Ömründe hiç aynaya bakmamış, ayna nedir görmemiş bir adam eline bir ayna geçirmiş. Baktığında, başlamış ağlamaya...
Vah benim kara kaşlı-kara gözlü gardaşım demiş. Demek sen öldün de geri geldi ha...
Birkaç sene önce vefat eden çok sevdiği kardeşine öyle benzetmiş ki, ayna da ki görüntüyü.
Bastırmış göğsüne aynayı ağlaya ağlaya uyuyakalmış.
Hanımı girmiş kocasının yattığı odaya.
Bakmış ki, kocası sıkı sıkı bir şeye sarılmış uyuyor, gözleri de hala yaşlı.
Usulca varmış yanına, aynayı onu uyandırmadan çekmiş almış. Bu nedir diye bakınca;
- Allah seni kahretsin herif demiş. Demek ki ağladığın kadın bu ha...Ben zaten kaç aydır sessiz sessiz oturmandan şüphelenmiştim.

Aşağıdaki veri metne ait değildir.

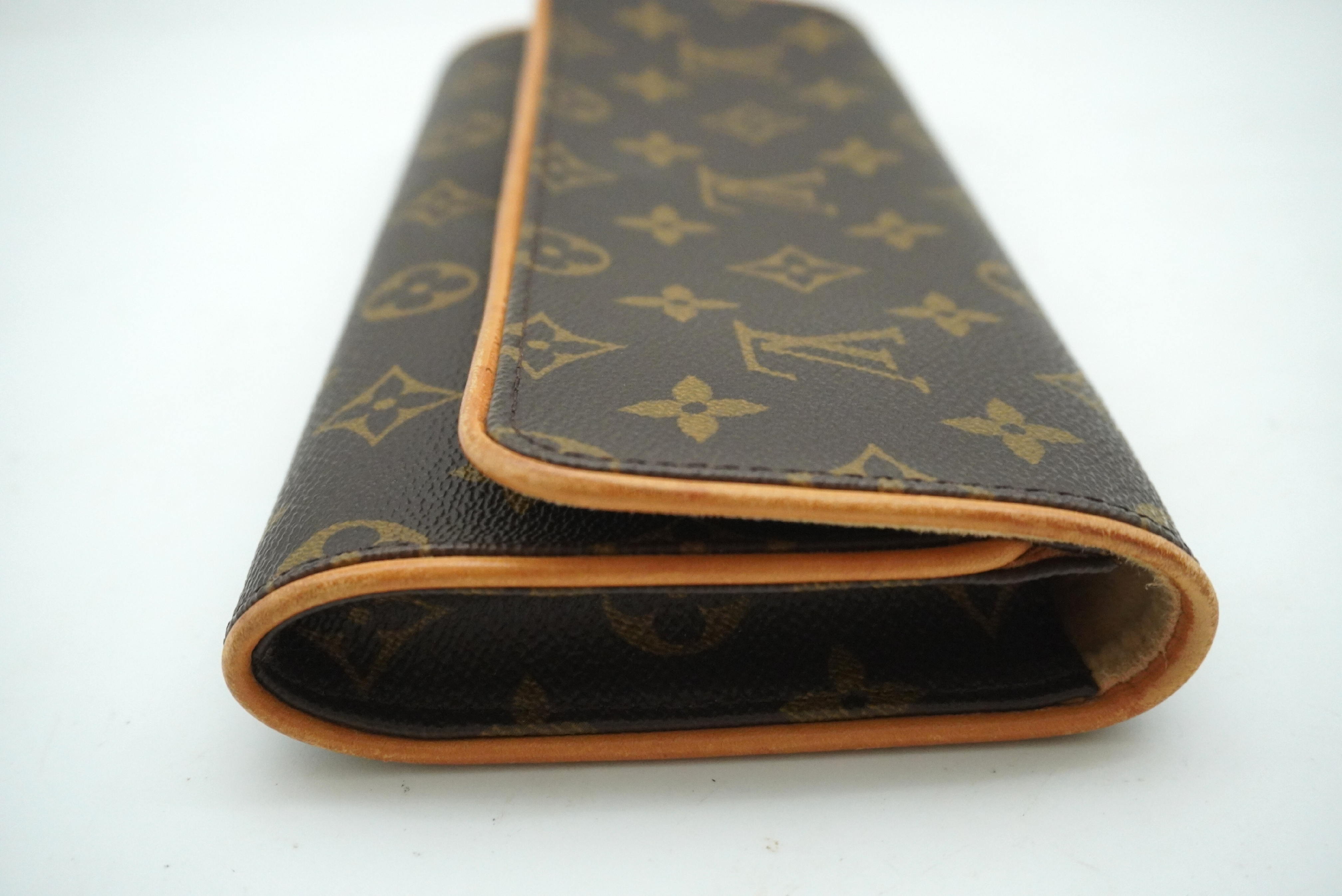Monogram Pochette Twin GM M51852 Shoulder Bag — view 4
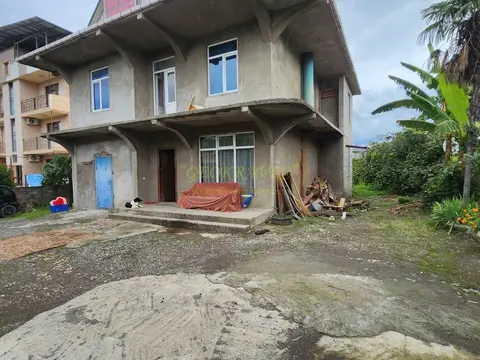 Продается собственный дом в городе Батуми. - სურათი 1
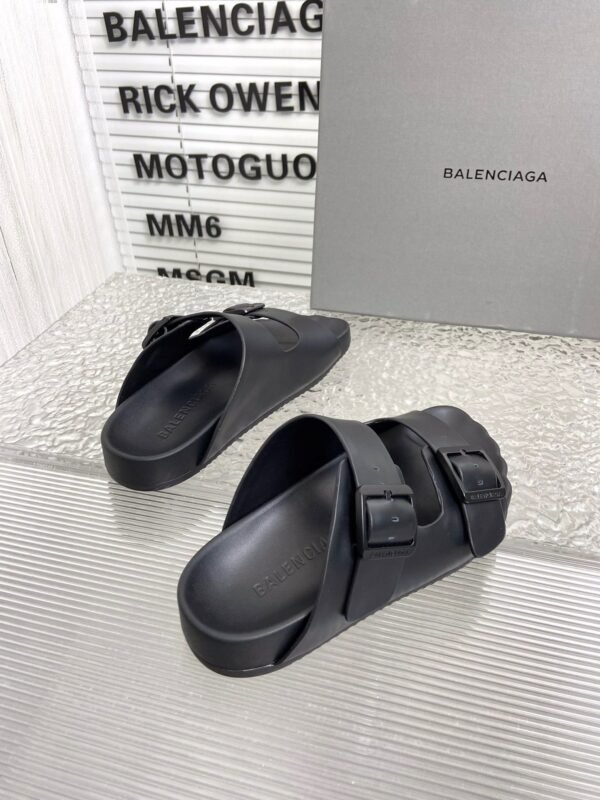 Balenciaga Sunday Mule couple’s five-toe series slippers made of genuine cowhide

Kadın aynayı sarıp sarmalamış bir bezin içine, sonra da;
- Kalk demiş adama, kalk Kadı Efendiye gidiyoruz. Seninle aynı evde duramam, boşa beni...
Adam ne dediyse olmamış, kadın sarıp sarmaladığı aynayı elinden bırakmıyormuş.
Sonunda çalmışlar Kadı Efendinin kapısını...
Hem adam hem de kadın durumu bir güzel anlatmışlar ve ayrılmalarına gerekçe olarak gösterdikleri aynayı, Kadı Efendiye teslim etmişler.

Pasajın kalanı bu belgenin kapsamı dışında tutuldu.